> [INSTRUCTIONS TO FOLLOW]: When a picture appears in the listing, leave it out and copy the rest exactly as it stands.

> [SOURCE DATA]:

Segment Open

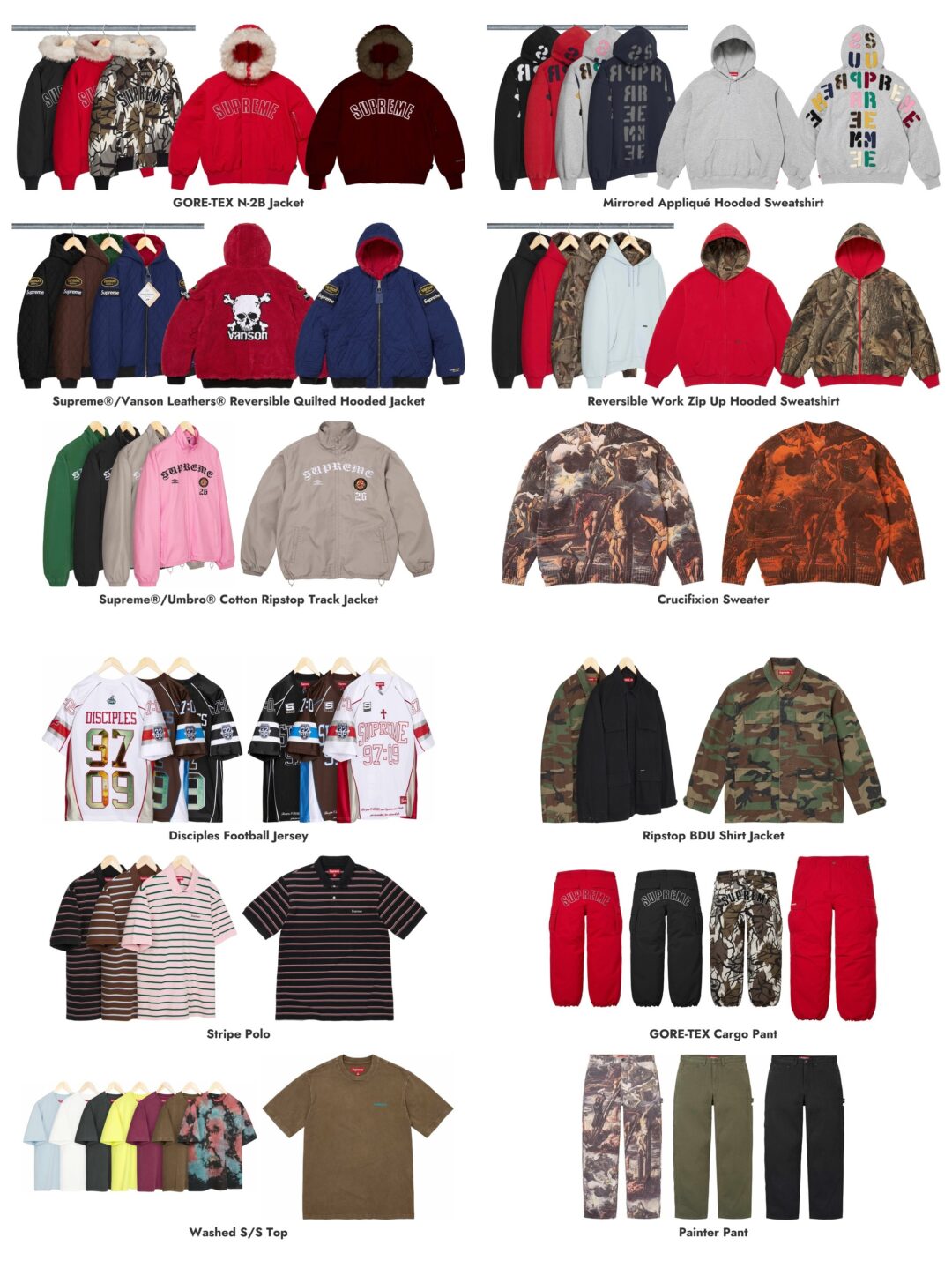 【SUPREME 2026 FW – シュプリーム 2026年 秋冬】国内 10/17 発売予定 – week 9に「Martine Rose」コラボアイテムなどが登場予定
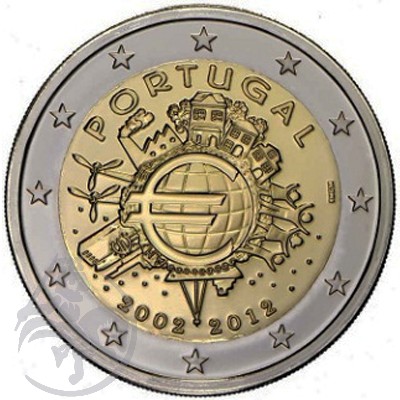 10 Anos do Euro - Portugal (Normal A)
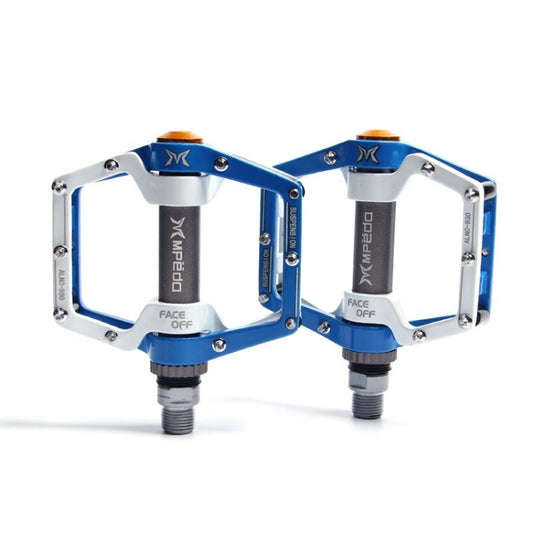 MPEDA Mountain Bike Bearing Pedal Ultra-Light Aluminum Alloy Non-Slip Bearing Pedal, Size: 930(White Blue) - Pedals by MPEDA | Online Shopping South Africa | PMC Jewellery | Buy Now Pay Later Mobicred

Segment Closed

> [WRITTEN RESPONSE]:
 【SUPREME 2026 FW – シュプリーム 2026年 秋冬】国内 10/17 発売予定 – week 9に「Martine Rose」コラボアイテムなどが登場予定
 10 Anos do Euro - Portugal (Normal A)
 MPEDA Mountain Bike Bearing Pedal Ultra-Light Aluminum Alloy Non-Slip Bearing Pedal, Size: 930(White Blue) - Pedals by MPEDA | Online Shopping South Africa | PMC Jewellery | Buy Now Pay Later Mobicred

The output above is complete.